Una combinación de los Black Angels con su siempre necesario Sniper at the Gates of Heaven, Wolf People con el perturbador Night Witch y Josefin Öhrn + The Liberation con Rushing Through my Mind le pone marco a estas líneas, que se construyen en las sombras de un ensayo sobre el litigio malicioso que va tomando forma muy lentamente gracias a una amable sobredosis de cafeína y a largas conversaciones con colegas.
Una de esas conversaciones, sostenida en un café de la zona 9 repleto de médicos y estudiantes de medicina, con algo tan poco profundo como Dani California, de los Red Hot Chili Peppers, como música de fondo, sugiere que, en la época de torrentes de información disponible a través de Internet, muchos eligen lo que es más cómodo: escuchar exclusivamente a quienes piensan de manera semejante y descartar lo demás. Algo así como la actitud del hincha que el domingo va al estadio y el lunes se reúne para comentar el partido con los miembros de su barra y planificar los cánticos y las consignas del partido del siguiente domingo.
La diversidad y el debate son las víctimas de esta actitud. Nos encerramos en posiciones y, sobre todo, detrás de pantallas que seleccionan y filtran contenidos para nosotros de manera tal que incluso seleccionan la publicidad que debemos ver —por ejemplo, Facebook lleva semanas ofreciéndome camisetas de Iron Maiden, herramientas de jardinería, navajas automáticas y guantes de box—.
Cada individuo ha creado una suerte de red de confianza que interpreta lo que está allá afuera y sugiere patrones de actuación exclusivamente desde las preferencias de quienes piensan como nosotros. Un ejemplo privilegiado de esta afirmación lo constituye aquella clase educada y progre que creyó que Hillary iba a ganar, pues nadie podía estar de acuerdo con alguien tan ruin como su rival. Discurso facilitado por todas las declaraciones de los famosos, incluyendo a las Pussy Riot con su Make America Great Again, que se estrellaron con la realidad de manera abrupta.
Contrastar información, una de esas condiciones necesarias para una ciudadanía que ejerce como tal en democracia, pasa a ser una rareza, mientras un proceso de trivialización convierte la política en parte de la oferta de entretenimiento y fomenta la intolerancia de las diferencias. Los otros pasan a ser exclusivamente adversarios, que se asumen desde una perspectiva de superioridad moral: la actitud favorita de los iconoclastas, que, si son de izquierda, aún asumen como cierta aquella falacia de que el revolucionario es la escala superior del ser humano o que, si son de derecha, empiezan nuevas cruzadas al grito de «con mis hijos no te metas».
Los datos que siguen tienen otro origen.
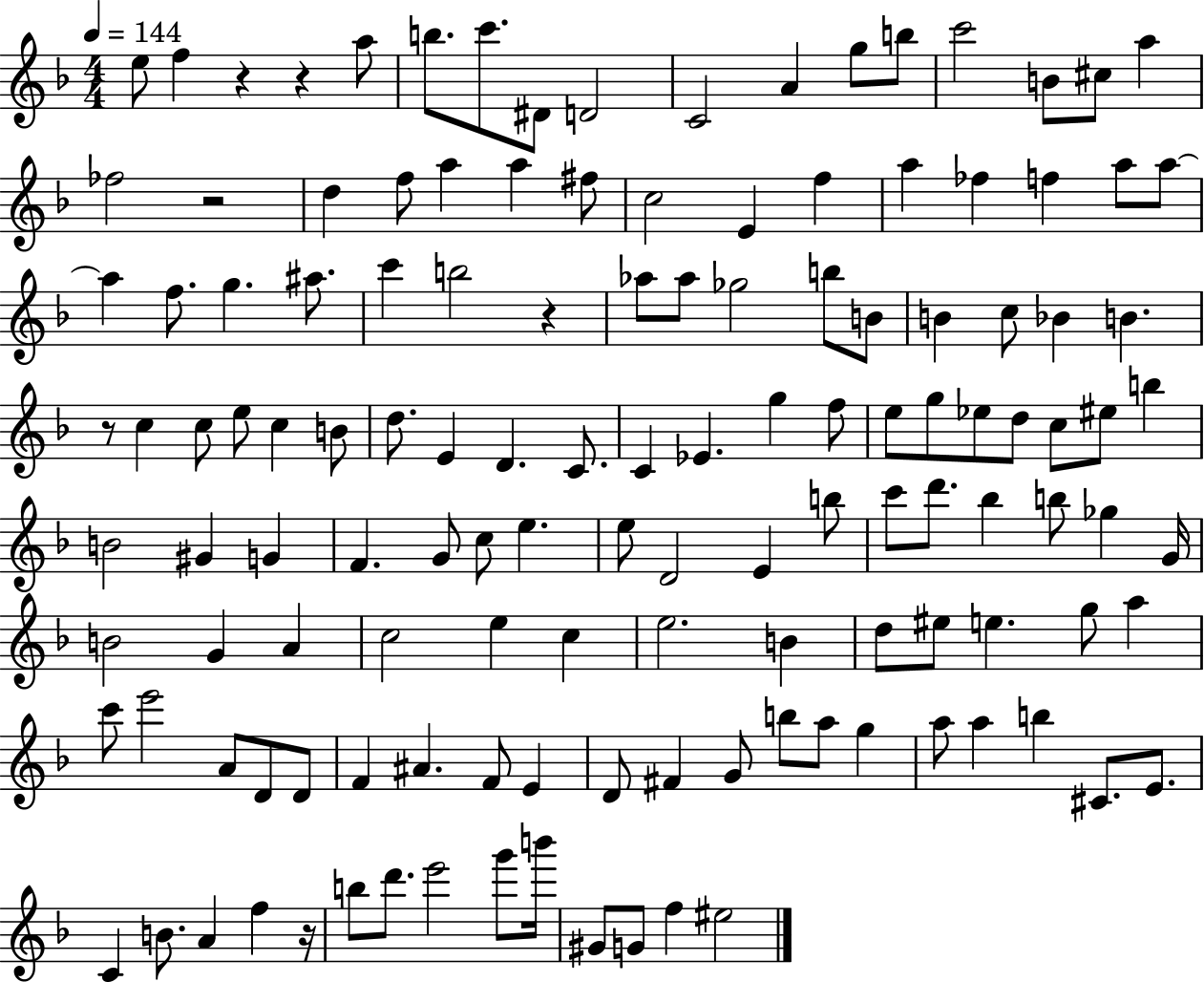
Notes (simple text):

E5/e F5/q R/q R/q A5/e B5/e. C6/e. D#4/e D4/h C4/h A4/q G5/e B5/e C6/h B4/e C#5/e A5/q FES5/h R/h D5/q F5/e A5/q A5/q F#5/e C5/h E4/q F5/q A5/q FES5/q F5/q A5/e A5/e A5/q F5/e. G5/q. A#5/e. C6/q B5/h R/q Ab5/e Ab5/e Gb5/h B5/e B4/e B4/q C5/e Bb4/q B4/q. R/e C5/q C5/e E5/e C5/q B4/e D5/e. E4/q D4/q. C4/e. C4/q Eb4/q. G5/q F5/e E5/e G5/e Eb5/e D5/e C5/e EIS5/e B5/q B4/h G#4/q G4/q F4/q. G4/e C5/e E5/q. E5/e D4/h E4/q B5/e C6/e D6/e. Bb5/q B5/e Gb5/q G4/s B4/h G4/q A4/q C5/h E5/q C5/q E5/h. B4/q D5/e EIS5/e E5/q. G5/e A5/q C6/e E6/h A4/e D4/e D4/e F4/q A#4/q. F4/e E4/q D4/e F#4/q G4/e B5/e A5/e G5/q A5/e A5/q B5/q C#4/e. E4/e. C4/q B4/e. A4/q F5/q R/s B5/e D6/e. E6/h G6/e B6/s G#4/e G4/e F5/q EIS5/h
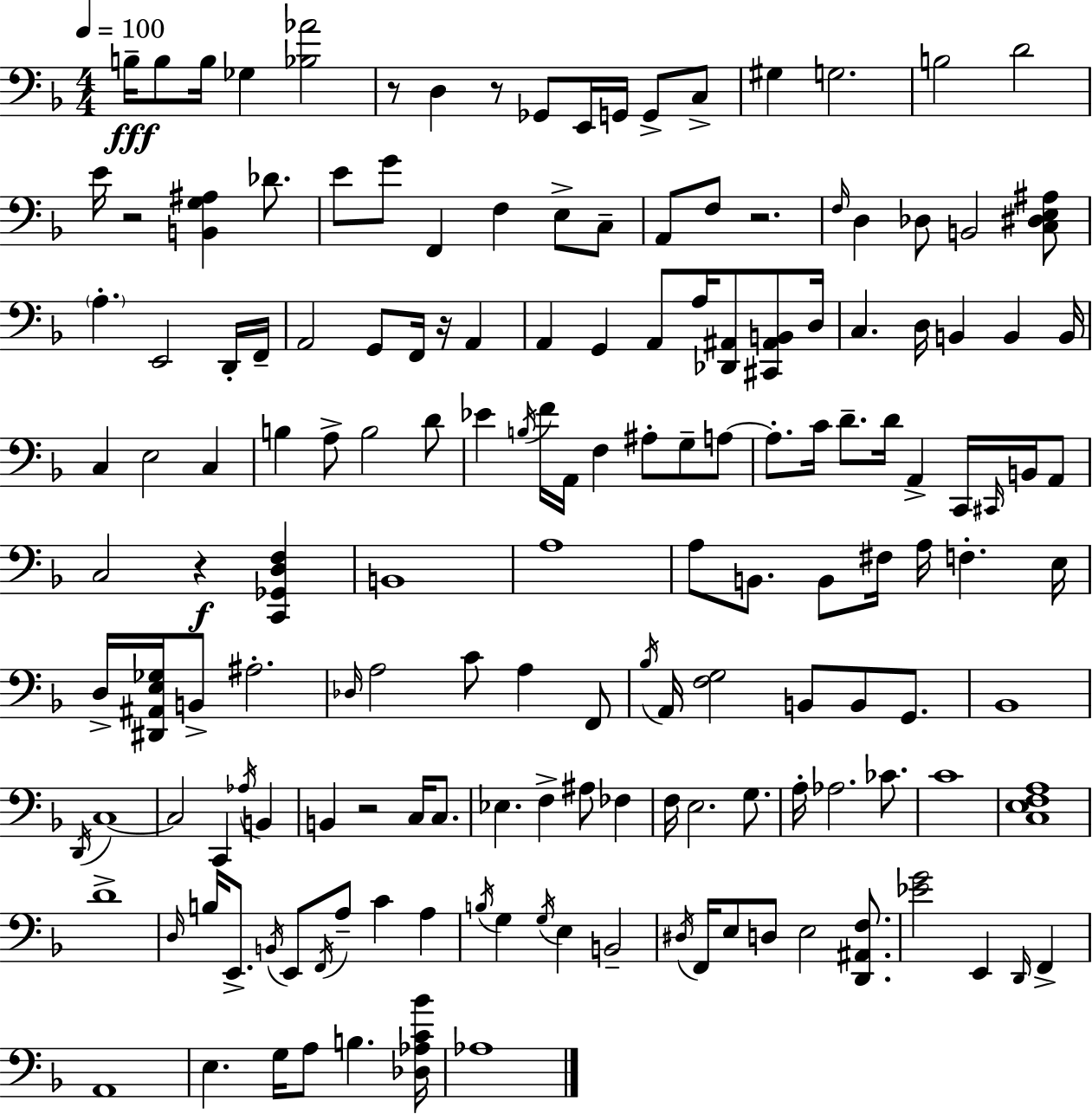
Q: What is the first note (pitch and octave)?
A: B3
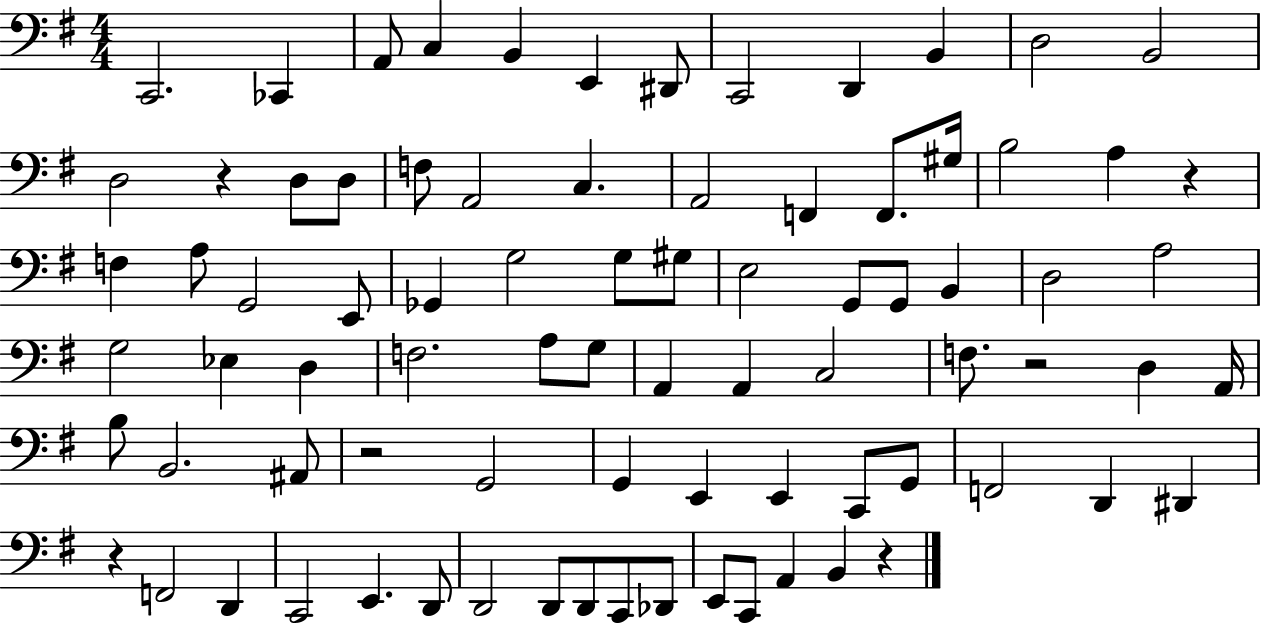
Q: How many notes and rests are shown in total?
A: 82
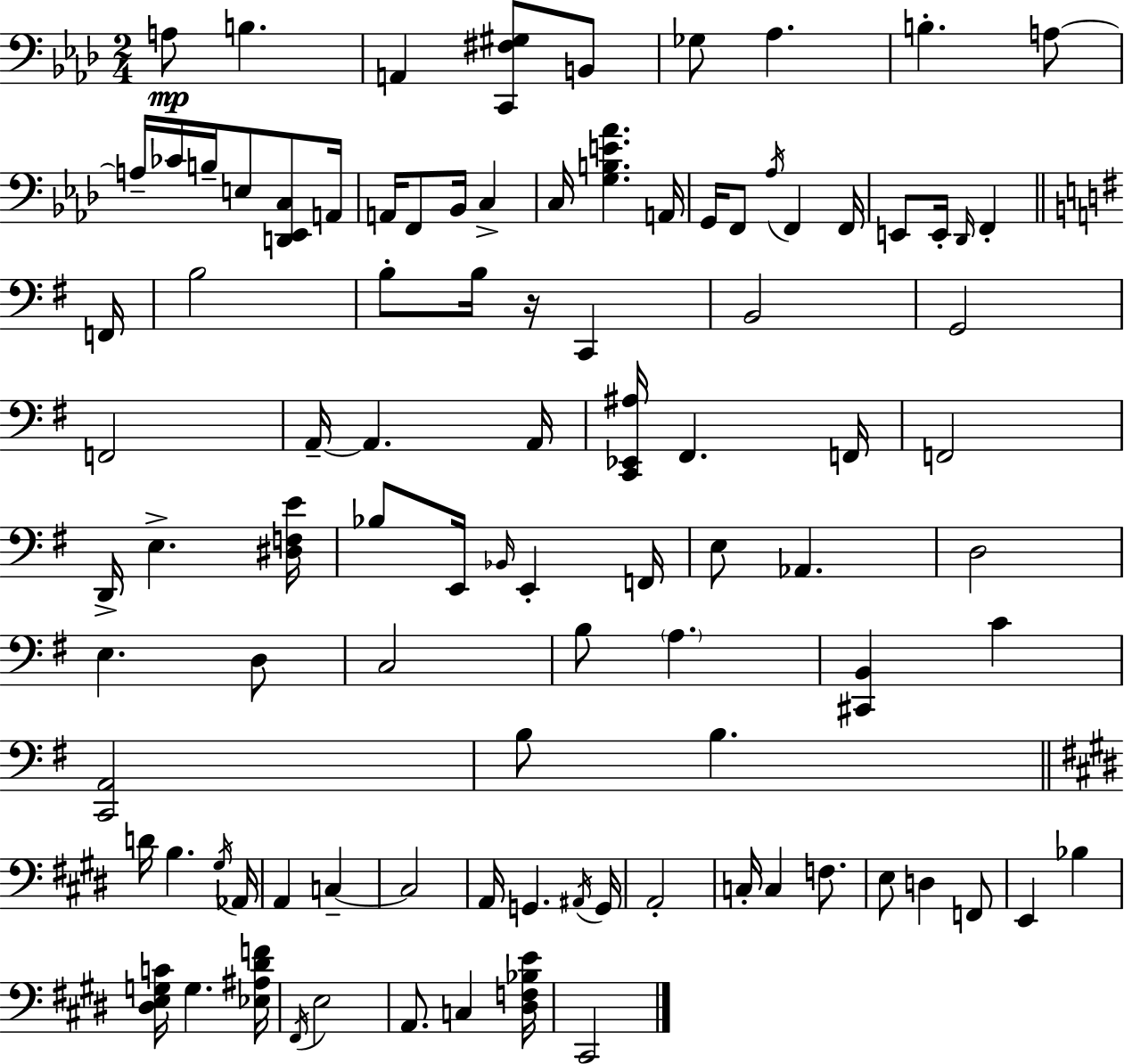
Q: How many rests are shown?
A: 1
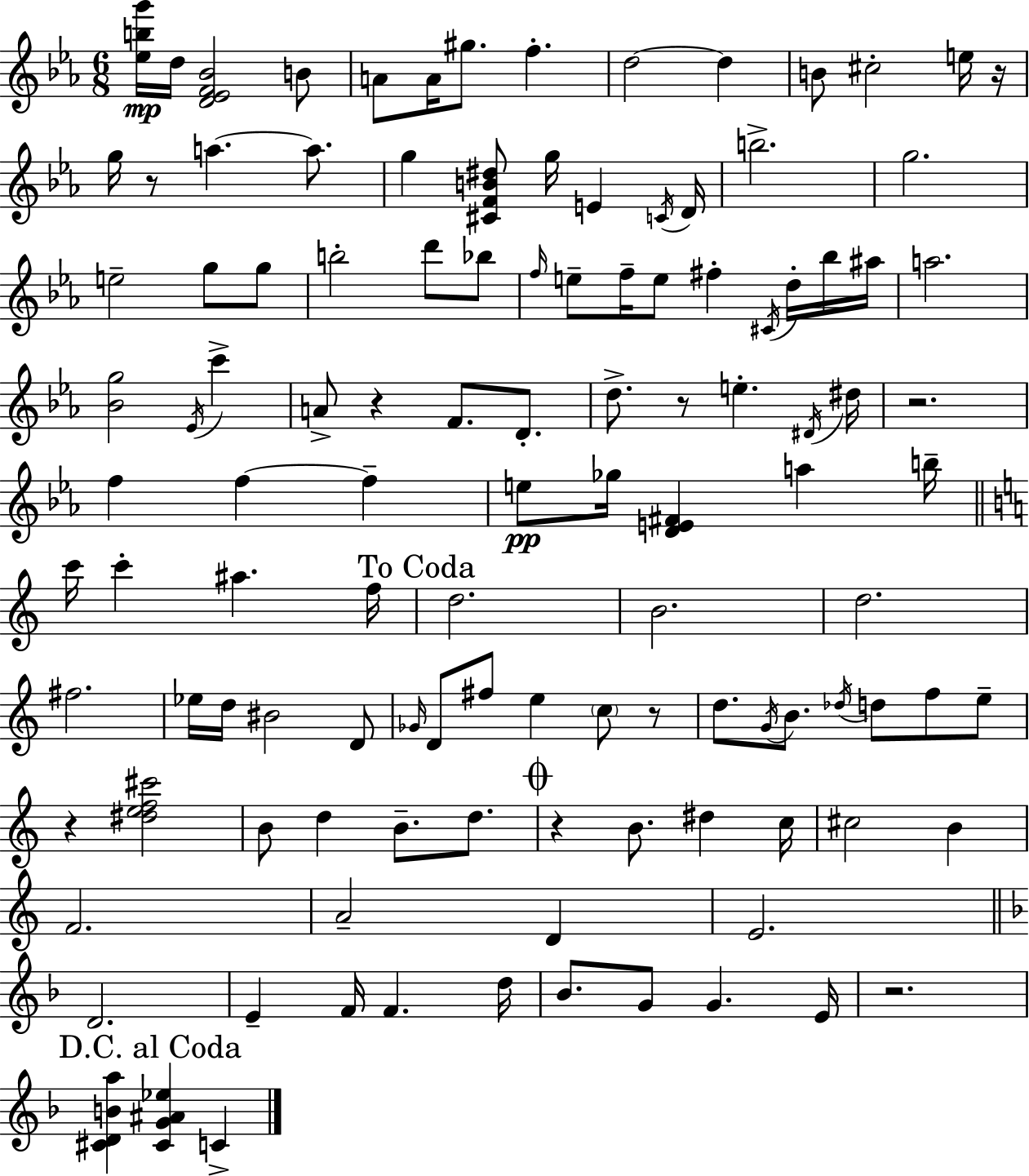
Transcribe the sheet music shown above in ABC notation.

X:1
T:Untitled
M:6/8
L:1/4
K:Cm
[_ebg']/4 d/4 [D_EF_B]2 B/2 A/2 A/4 ^g/2 f d2 d B/2 ^c2 e/4 z/4 g/4 z/2 a a/2 g [^CFB^d]/2 g/4 E C/4 D/4 b2 g2 e2 g/2 g/2 b2 d'/2 _b/2 f/4 e/2 f/4 e/2 ^f ^C/4 d/4 _b/4 ^a/4 a2 [_Bg]2 _E/4 c' A/2 z F/2 D/2 d/2 z/2 e ^D/4 ^d/4 z2 f f f e/2 _g/4 [DE^F] a b/4 c'/4 c' ^a f/4 d2 B2 d2 ^f2 _e/4 d/4 ^B2 D/2 _G/4 D/2 ^f/2 e c/2 z/2 d/2 G/4 B/2 _d/4 d/2 f/2 e/2 z [^def^c']2 B/2 d B/2 d/2 z B/2 ^d c/4 ^c2 B F2 A2 D E2 D2 E F/4 F d/4 _B/2 G/2 G E/4 z2 [^CDBa] [^CG^A_e] C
Este es el ambiente en el que los falsos outsiders se disfrazan con voces equilibradas y moderadas, de aquellas que, por ejemplo, pueden llamar y conducir un diálogo que no toque nunca lo importante. Algo así como el argumento del video de Michael Moore para Sleep Now in the Fire, de Rage Against the Machine, que finaliza su furioso discurso antisistema recordando que, pese al cierre de la bolsa, «no money was harmed».
Pongámoslo de esta forma: hemos conseguido que en la era digital vivamos como lo hacían mis bisabuelos, que nacieron, crecieron, se multiplicaron y murieron en un pueblo convertido en una próspera —y 50 años después arruinada— estación de tren entre la sierra y la costa ecuatorianas. Una comunidad mestiza en la mitad de los Andes —a 3 600 metros de altura— que hablaba un solo idioma, profesaba una sola religión y tenía, si mucho, una posición política. Una comunidad rodeada de pueblos indígenas a los que despreciaba, con los que nunca se mezcló y a los que nunca quiso ni pudo entender.
La invitación y la posibilidad de intentar ponerse en los zapatos del otro siguen estando allí, así como la posibilidad de no asumir un discurso único. Si partimos de la arrogancia de creer poseer la razón y la verdad —o de creernos ungidos por rescatar los verdaderos valores de la sociedad—, estamos preparando el escenario del caos.